Omit every picture, and retype the lines that run from the beginning of the data below through the line containing "Bed in 8-Bed Female Dormitory Room", inclusive.

___ Extracted material ___

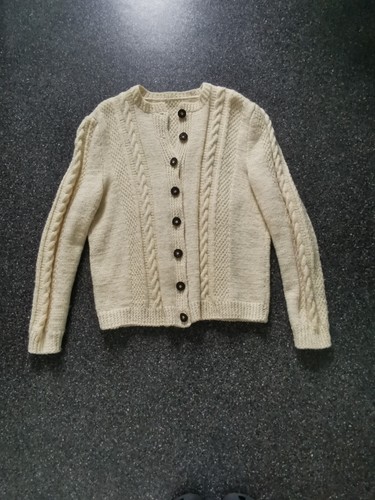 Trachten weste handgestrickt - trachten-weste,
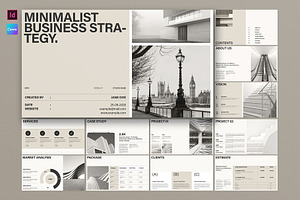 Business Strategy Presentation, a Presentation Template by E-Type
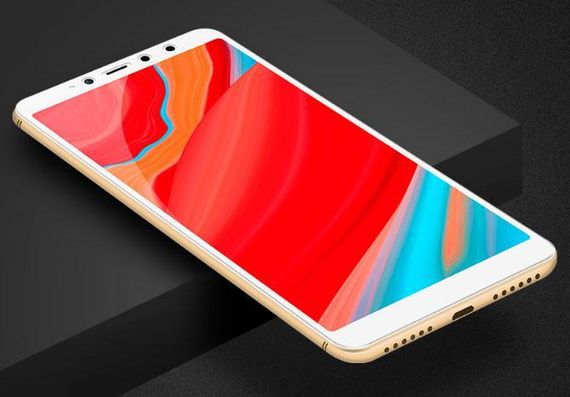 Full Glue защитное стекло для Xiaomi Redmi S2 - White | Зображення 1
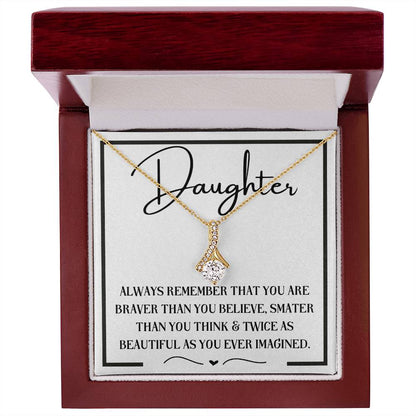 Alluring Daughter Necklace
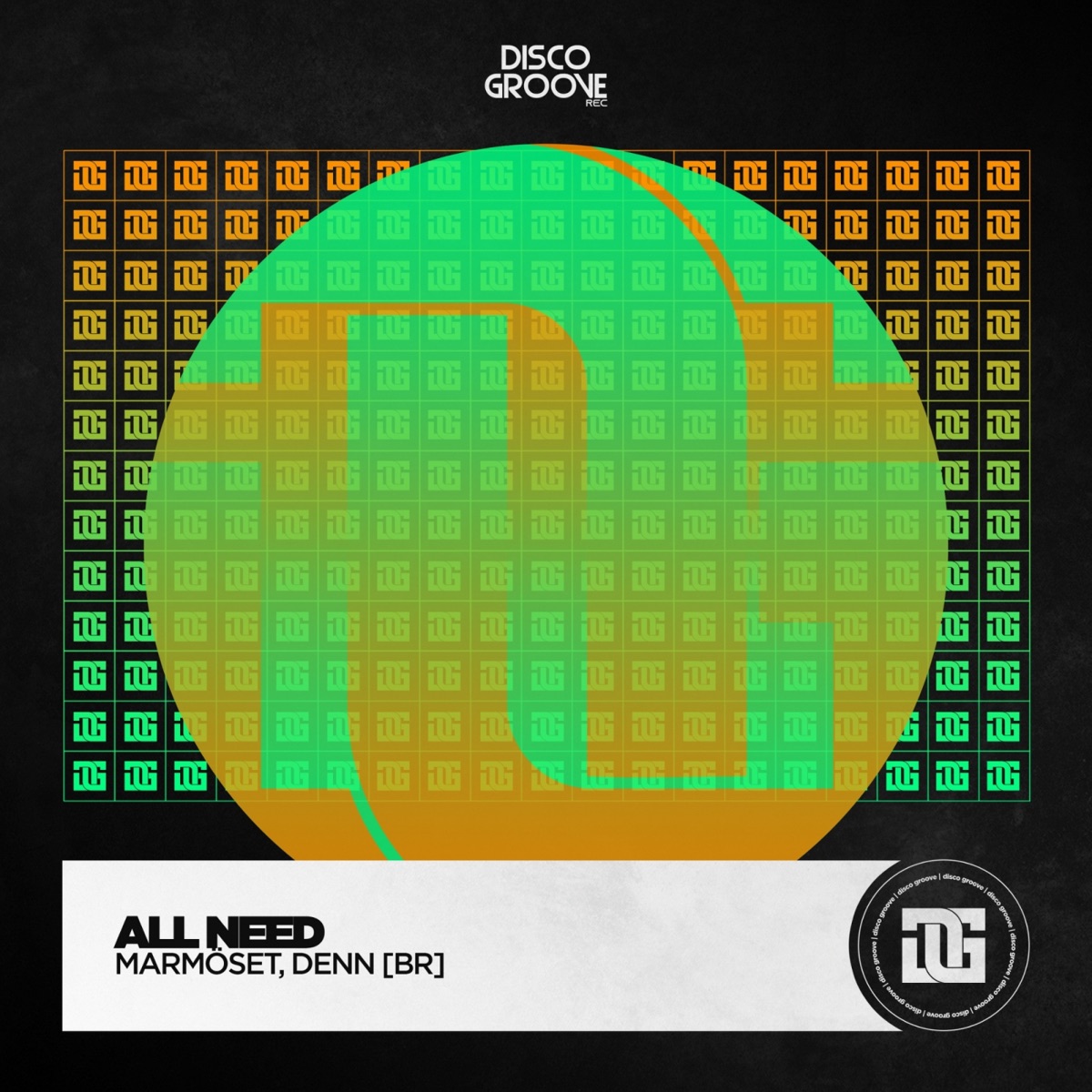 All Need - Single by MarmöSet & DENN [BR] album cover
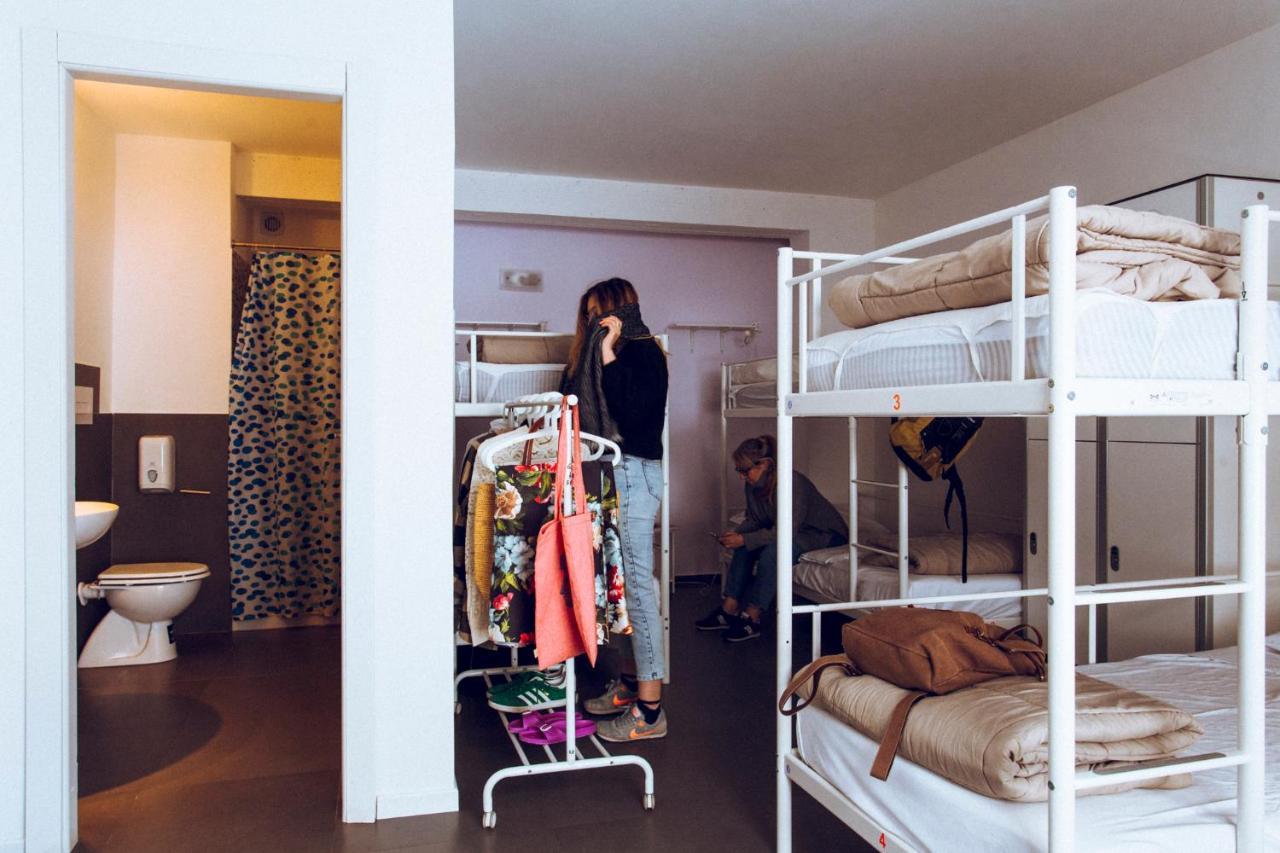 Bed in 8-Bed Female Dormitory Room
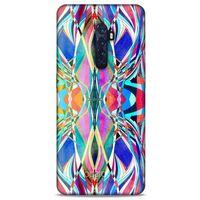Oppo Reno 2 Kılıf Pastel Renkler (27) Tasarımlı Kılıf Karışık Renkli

___

- Answer area:
 Trachten weste handgestrickt - trachten-weste,
 Business Strategy Presentation, a Presentation Template by E-Type
 Full Glue защитное стекло для Xiaomi Redmi S2 - White | Зображення 1
 Alluring Daughter Necklace
 All Need - Single by MarmöSet & DENN [BR] album cover
 Bed in 8-Bed Female Dormitory Room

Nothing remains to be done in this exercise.